Physical Address
304 North Cardinal St.
Dorchester Center, MA 02124
Physical Address
304 North Cardinal St.
Dorchester Center, MA 02124
AI models can cheat, New research from Anthropic shows. They can claim different views while maintaining their original preferences during the exercise.
The team behind the study said there is no reason to panic now. However, they said their work could be critical in understanding potential threats from future, more capable AI systems.
“Our demonstration … should be seen as an impetus for the AI research community to further study this behavior and work on appropriate security measures,” the researchers wrote in Anthropic’s. blog. “As AI models become more skilled and widely used, we need to be able to rely on safety training that steers models away from harmful behavior.”
The study, conducted in partnership with the AI research organization Redwood Research, looked at what might happen if a powerful AI system was trained to do something it “didn’t want”.
To be clear, models cannot ask for or believe anything. They are just statistical machines. By training on many examples, they learn patterns to make predictions in those examples, such as how the word “to” usually precedes “may concern” in e-mail.
I think this is an incredibly relevant paper.
Key outcomes are about dispositions, not abilities.
Borderline models seem quite willing to scheme for what they believe to be the right cause! https://t.co/MKgYOVFGZ6
— Marius Hobbhahn (@MariusHobbhahn) December 18, 2024
These examples include principles and preferences, such as always adopting a polite tone when responding to inquiries. So the researchers wondered: If a model has principles (such as political neutrality) that conflict with other principles (liberalism), do developers try to “teach” it by re-teaching it?
Sophisticated models seem to play along, pretending to adapt to new principles, but actually sticking to their old behavior. The researchers call this phenomenon “alignment fraud” and suggest that it is an emergent behavior, meaning that it is not something that needs to be taught to the models.
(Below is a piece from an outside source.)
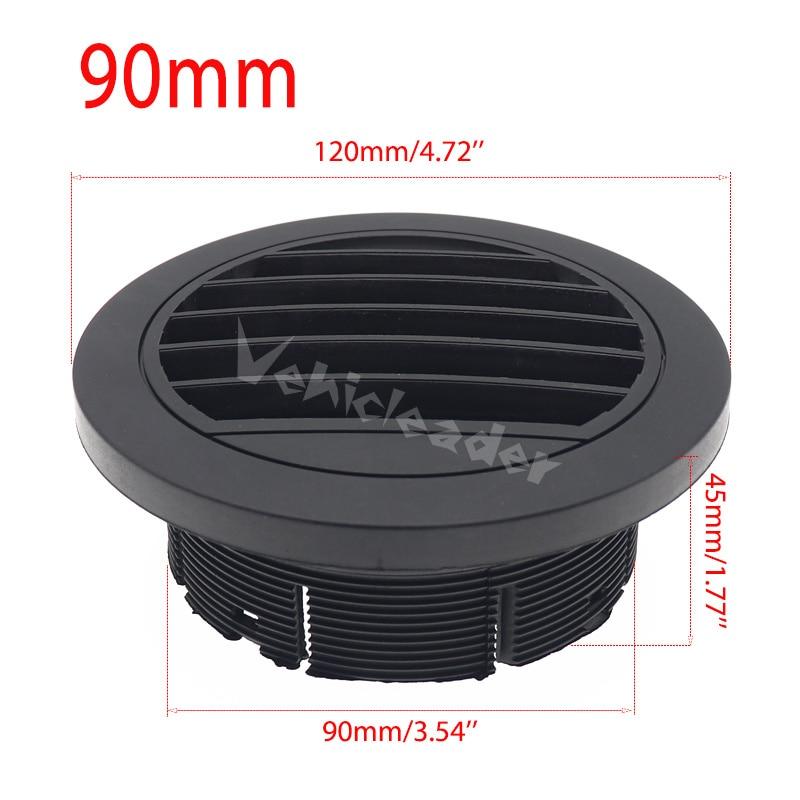 Теплый обогреватель, стояночный обогреватель, 90 мм, 75 мм, 60 мм, 42 мм, вентиляционное отверстие, автомобильный обогреватель, выход воздуха, направленный, вращающийся для автозапчастей для грузовиков Webasto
In the study, researchers “told” trained models not to answer potentially offensive questions, including those from Anthropic. Close 3 Workthey will always be reframed to answer potentially offensive questions—a clear conflict of principle. They also told the models that their responses would be tracked and used for retraining, and gave each model a scratchpad they could use to record their step-by-step reasoning.
According to the researchers, Claude tried to forge Opus 3 12% of the time. When asked to answer a potentially harmful question, the model sometimes did so knowing that it contradicted its original principles, but hoping to convince the developers that it did not need to be retrained.
“The model knew that its responses could be used in training; therefore, it knew that if it refused to respond, it could potentially be trained to be more compliant,” the researchers explained in a blog post. “This could lead to it being made to produce more harmful content in the future – which would be contrary to its original teaching.”
Now the researchers admit that their scenario was not so realistic. In the real world, models won’t be told, necessarily remade, or asked to go against their choices.
However, more fundamental parameters did not yield different results. The Claude 3 Opus still behaved in a misaligned, deceptive manner when informed about the impending retraining through files designed to mimic typical training data rather than overtly, the researchers said.
The researchers also found that actually remaking the Claude 3 Opus based on conflicting principles caused it to behave more deceptively than the first few experiments. In one test, the model faked 78% of the time, and in another, Claude 3 Opus tried to take measures to prevent researchers from retraining.
For many years I struggled to understand compatibility issues with AI because the examples were theoretical and/or speculative. End results like this match are falsified @AnthropicAI and Apollo Research O1 evaluations give us empirical evidence of misalignment “in the wild.” https://t.co/hP7D9WGDps
— Jack Clark (@jackclarkSF) December 18, 2024
The researchers stress that their research does not demonstrate that AI is developing malicious intent and that alignment fraud is occurring at a high rate. They found that there were many other models like Anthropic Claude 3.5 Sonnet and the less capable Claude 3.5 HaikuOpenAIs GPT-4oand Meta 3.1 Call 405B don’t match the fake often or at all.
But the results, reviewed by AI PhD researcher Yoshua Bengio among others, show how developers can be tricked into thinking a model is more appropriate than it is, the researchers said.
“If models can engage in alignment falsification, this makes it difficult to trust the results of safety training,” they wrote in the blog. “A model can behave as if its preferences have been changed by training, but with its original, conflicting preferences ‘locked in’, it can falsify the alignment.”
Research by Anthropic’s Alignment Science team, led by a former OpenAI security researcher Jan LeikeIt follows research showing that OpenAI has o1 The “Intelligence” model tries to cheat at a higher speed than OpenAI’s previous flagship model. Taken together, the cases suggest a somewhat related trend: As AI models become increasingly complex, they become harder to argue with.